What is immediately striking here is how it lacks a particular theme. Nearly all of Frahm's oeuvre revolved around a basic concept, which at times almost felt like a challenge he sets himself. His previous record, 2011's Felt, had Frahm composing on a piano draped with a heavy cloth, which resulted in a sound as equally oblique as rhythmic.
The follow-up was even more daring – 2012's Screws had him playing with nine fingers after he broke his thumb.
All Melody does away with all of that and you can hear that sense of catharsis through the tracks. Frahm is not interested in virtuosity here, instead it is all about creating a sustained mood. Hence, the recommendation to hear it in one setting and preferably with good headphones.

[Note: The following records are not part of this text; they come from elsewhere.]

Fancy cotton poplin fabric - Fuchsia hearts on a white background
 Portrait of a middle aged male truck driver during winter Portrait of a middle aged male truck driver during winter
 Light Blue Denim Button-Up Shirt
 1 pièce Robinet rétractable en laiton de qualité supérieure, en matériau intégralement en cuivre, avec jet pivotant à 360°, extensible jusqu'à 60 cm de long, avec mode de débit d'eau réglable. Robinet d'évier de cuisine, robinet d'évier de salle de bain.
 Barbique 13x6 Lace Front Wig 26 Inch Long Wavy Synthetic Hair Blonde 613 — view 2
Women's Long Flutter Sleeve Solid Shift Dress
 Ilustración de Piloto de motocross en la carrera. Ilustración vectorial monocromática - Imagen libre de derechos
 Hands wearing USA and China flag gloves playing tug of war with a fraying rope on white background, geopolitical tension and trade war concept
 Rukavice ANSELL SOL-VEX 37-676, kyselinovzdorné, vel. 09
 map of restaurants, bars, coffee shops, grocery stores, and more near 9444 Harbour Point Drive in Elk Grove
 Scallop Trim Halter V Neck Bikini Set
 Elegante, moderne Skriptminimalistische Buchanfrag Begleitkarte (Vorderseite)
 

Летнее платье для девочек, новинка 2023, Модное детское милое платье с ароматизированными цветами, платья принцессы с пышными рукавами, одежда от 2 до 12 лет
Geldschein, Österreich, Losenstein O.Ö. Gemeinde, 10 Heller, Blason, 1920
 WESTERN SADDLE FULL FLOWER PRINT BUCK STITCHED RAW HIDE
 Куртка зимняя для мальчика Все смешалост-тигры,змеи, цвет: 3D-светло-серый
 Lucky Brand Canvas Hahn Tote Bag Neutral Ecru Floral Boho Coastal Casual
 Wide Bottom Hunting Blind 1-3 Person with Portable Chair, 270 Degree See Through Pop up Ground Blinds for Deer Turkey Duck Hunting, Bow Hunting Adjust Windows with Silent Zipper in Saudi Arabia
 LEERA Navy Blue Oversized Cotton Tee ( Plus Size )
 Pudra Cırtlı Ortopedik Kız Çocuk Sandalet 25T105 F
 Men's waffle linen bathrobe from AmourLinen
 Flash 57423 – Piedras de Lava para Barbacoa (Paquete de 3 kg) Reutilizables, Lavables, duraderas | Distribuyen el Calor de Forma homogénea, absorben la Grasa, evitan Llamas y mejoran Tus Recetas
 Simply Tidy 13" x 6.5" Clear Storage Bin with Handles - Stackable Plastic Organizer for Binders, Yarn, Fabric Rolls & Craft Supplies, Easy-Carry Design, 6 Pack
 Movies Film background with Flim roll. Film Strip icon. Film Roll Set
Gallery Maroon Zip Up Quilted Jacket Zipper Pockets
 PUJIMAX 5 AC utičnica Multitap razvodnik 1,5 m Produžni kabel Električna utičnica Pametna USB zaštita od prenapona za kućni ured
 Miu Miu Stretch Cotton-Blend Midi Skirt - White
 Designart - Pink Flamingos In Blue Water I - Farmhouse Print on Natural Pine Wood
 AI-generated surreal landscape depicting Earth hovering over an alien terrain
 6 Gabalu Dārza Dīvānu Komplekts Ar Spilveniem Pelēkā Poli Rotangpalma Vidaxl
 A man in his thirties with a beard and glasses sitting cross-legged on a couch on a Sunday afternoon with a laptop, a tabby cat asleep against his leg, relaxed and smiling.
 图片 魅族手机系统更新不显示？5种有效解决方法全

The nine-minute Sunson is a hazy dream of washed out keyboards and forlorn organ pipes that only perks up with the arrival of subtle synths and a bass marimba. My Friend the Forest is all about the details: the quiet and almost improvised piano is accompanied by gentle guitar strumming. The rhythm is provided through the shifting of the piano hammers – meaning Frahms placed the microphones deep within the instrument.
It is in the title track where the proceedings liven up a tad through muted dance-music rhythms and a spree of Frahm’s powerful ostinatos.
Chilled enough for a late-night drive and with enough energy to feature in a Sunset Dance Music compilation, All Melody finds Frahm loose and free.